Leaving the pictures aside, return all of the data below exactly.

(Dataset excerpts)
== == ==

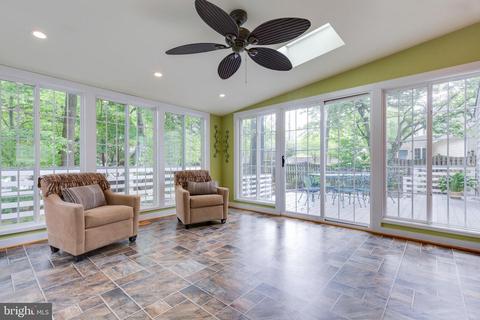9202 Northedge Dr, Springfield, VA 22153 photo 21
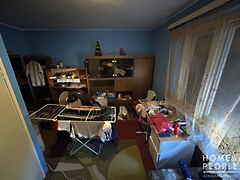 Eladó ház Hódmezővásárhely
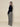 006388.NER_3.jpg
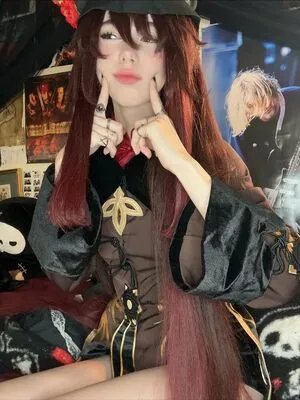 Ashisbees OnlyFans Leaked Free Thumbnail Picture - #W1SnsL7wru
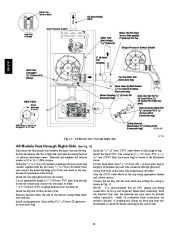 Carrier Owners Manual page 20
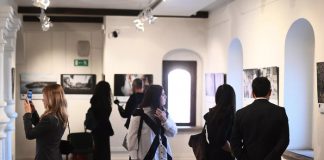 Comité del Concurso Stenin 2023 empieza a admitir obras de pretendientes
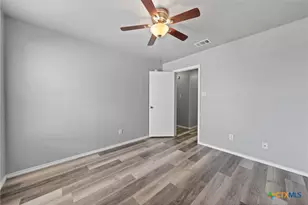 2405 Waterfall Dr, Killeen, TX 76549 - Photo 23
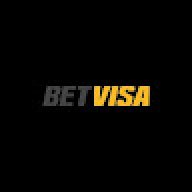 betvisa68app1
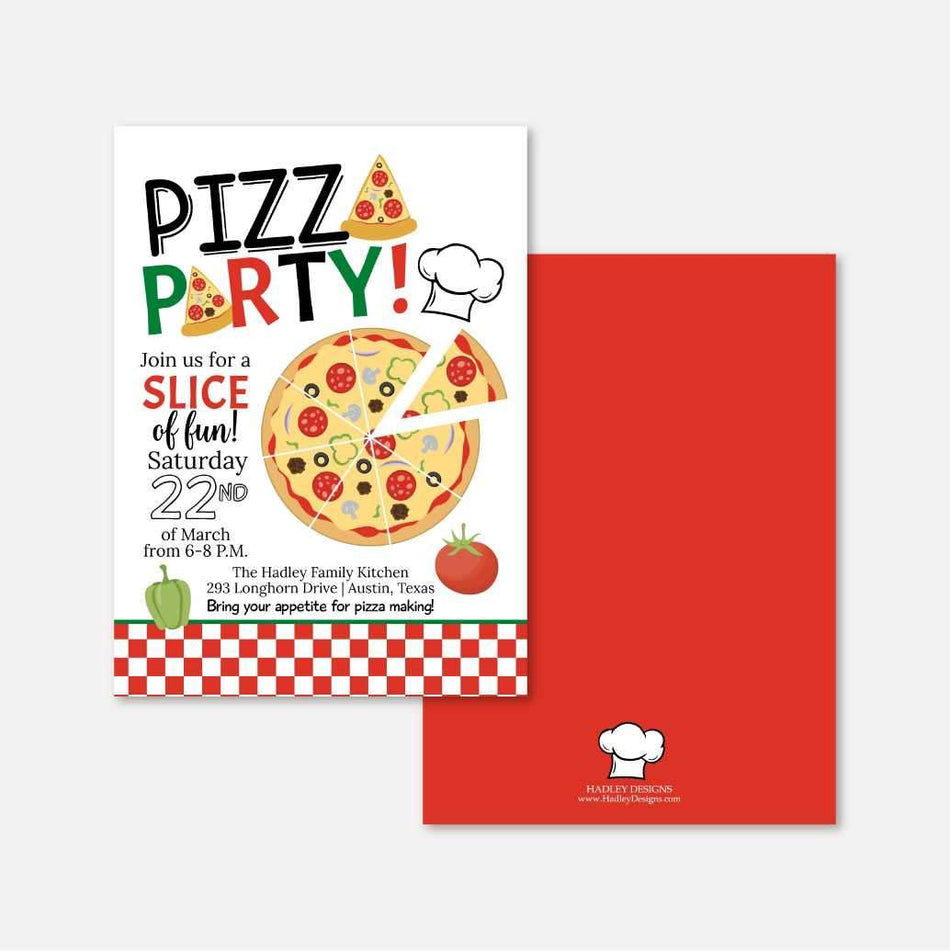 Pizza Party Invites Template from cdn.shopify.com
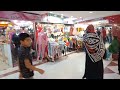 Eid shopping vlogs 👜👠👗 Gul plaza Karachi mahi vlogs March 25, 2024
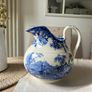 Vintage jug Image 2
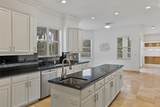 15852 15th St - Photo 34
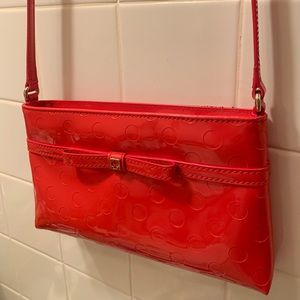 Kate Spade Crossbody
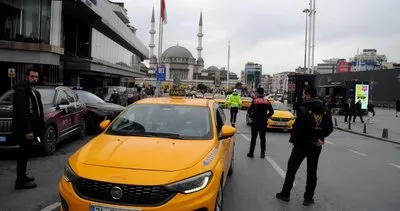 İTEO Başkanı Eyüp Aksu: İstanbul’daki korsan taşımacılık sorunu 10 bin yeni taksi çıkarılarak çözülebilir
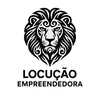 Locução Empreendedora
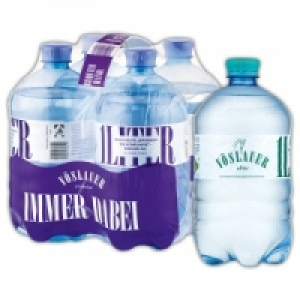 Mineralwasser 1.99&nbsp;&euro;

== == ==

> [Answer area]:
9202 Northedge Dr, Springfield, VA 22153 photo 21
 Eladó ház Hódmezővásárhely
 006388.NER_3.jpg
 Ashisbees OnlyFans Leaked Free Thumbnail Picture - #W1SnsL7wru
 Carrier Owners Manual page 20
 Comité del Concurso Stenin 2023 empieza a admitir obras de pretendientes
 2405 Waterfall Dr, Killeen, TX 76549 - Photo 23
 betvisa68app1
 Pizza Party Invites Template from cdn.shopify.com
 Eid shopping vlogs 👜👠👗 Gul plaza Karachi mahi vlogs March 25, 2024
 Vintage jug Image 2
 15852 15th St - Photo 34
 Kate Spade Crossbody
 İTEO Başkanı Eyüp Aksu: İstanbul’daki korsan taşımacılık sorunu 10 bin yeni taksi çıkarılarak çözülebilir
 Locução Empreendedora
 Mineralwasser 1.99&nbsp;&euro;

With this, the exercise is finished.